> [Exercise details]:
Scan the entries line by line and return those with "along".

### Exercise inputs

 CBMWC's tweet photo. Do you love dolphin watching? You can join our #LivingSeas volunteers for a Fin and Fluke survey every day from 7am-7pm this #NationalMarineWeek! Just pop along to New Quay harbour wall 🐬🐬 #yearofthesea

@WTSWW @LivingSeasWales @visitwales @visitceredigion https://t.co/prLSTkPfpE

######
### Exercise inputs

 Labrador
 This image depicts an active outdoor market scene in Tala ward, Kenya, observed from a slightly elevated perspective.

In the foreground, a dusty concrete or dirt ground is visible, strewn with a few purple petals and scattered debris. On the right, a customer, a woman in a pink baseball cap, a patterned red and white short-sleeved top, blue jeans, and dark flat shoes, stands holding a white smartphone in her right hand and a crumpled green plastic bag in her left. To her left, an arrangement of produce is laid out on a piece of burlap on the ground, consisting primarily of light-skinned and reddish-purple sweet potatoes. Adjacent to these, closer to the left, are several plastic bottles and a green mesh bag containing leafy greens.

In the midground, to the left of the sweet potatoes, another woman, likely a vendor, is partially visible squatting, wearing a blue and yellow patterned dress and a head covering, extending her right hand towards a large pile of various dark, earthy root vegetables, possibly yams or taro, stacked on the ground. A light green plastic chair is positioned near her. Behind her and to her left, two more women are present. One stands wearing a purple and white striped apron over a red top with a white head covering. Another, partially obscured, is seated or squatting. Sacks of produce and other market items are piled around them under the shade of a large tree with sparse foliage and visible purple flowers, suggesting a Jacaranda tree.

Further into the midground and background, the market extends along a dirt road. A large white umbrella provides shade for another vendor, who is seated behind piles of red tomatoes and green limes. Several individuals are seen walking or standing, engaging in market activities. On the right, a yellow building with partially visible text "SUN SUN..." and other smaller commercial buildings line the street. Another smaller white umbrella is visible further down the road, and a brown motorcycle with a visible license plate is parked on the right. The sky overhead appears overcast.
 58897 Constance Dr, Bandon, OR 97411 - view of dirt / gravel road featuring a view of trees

######
### Exercise inputs

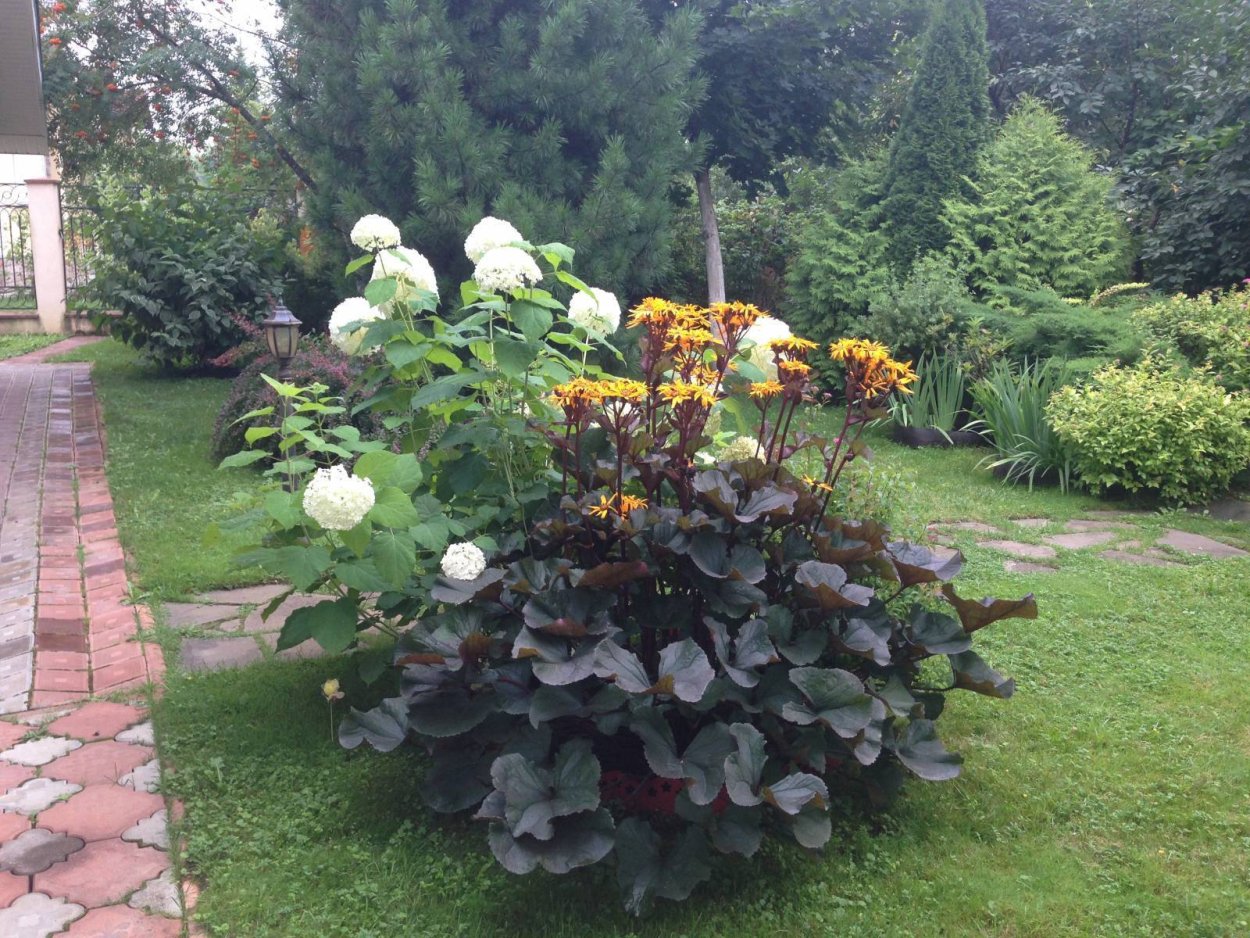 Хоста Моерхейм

######

> [Expected answer]:
 CBMWC's tweet photo. Do you love dolphin watching? You can join our #LivingSeas volunteers for a Fin and Fluke survey every day from 7am-7pm this #NationalMarineWeek! Just pop along to New Quay harbour wall 🐬🐬 #yearofthesea
Further into the midground and background, the market extends along a dirt road. A large white umbrella provides shade for another vendor, who is seated behind piles of red tomatoes and green limes. Several individuals are seen walking or standing, engaging in market activities. On the right, a yellow building with partially visible text "SUN SUN..." and other smaller commercial buildings line the street. Another smaller white umbrella is visible further down the road, and a brown motorcycle with a visible license plate is parked on the right. The sky overhead appears overcast.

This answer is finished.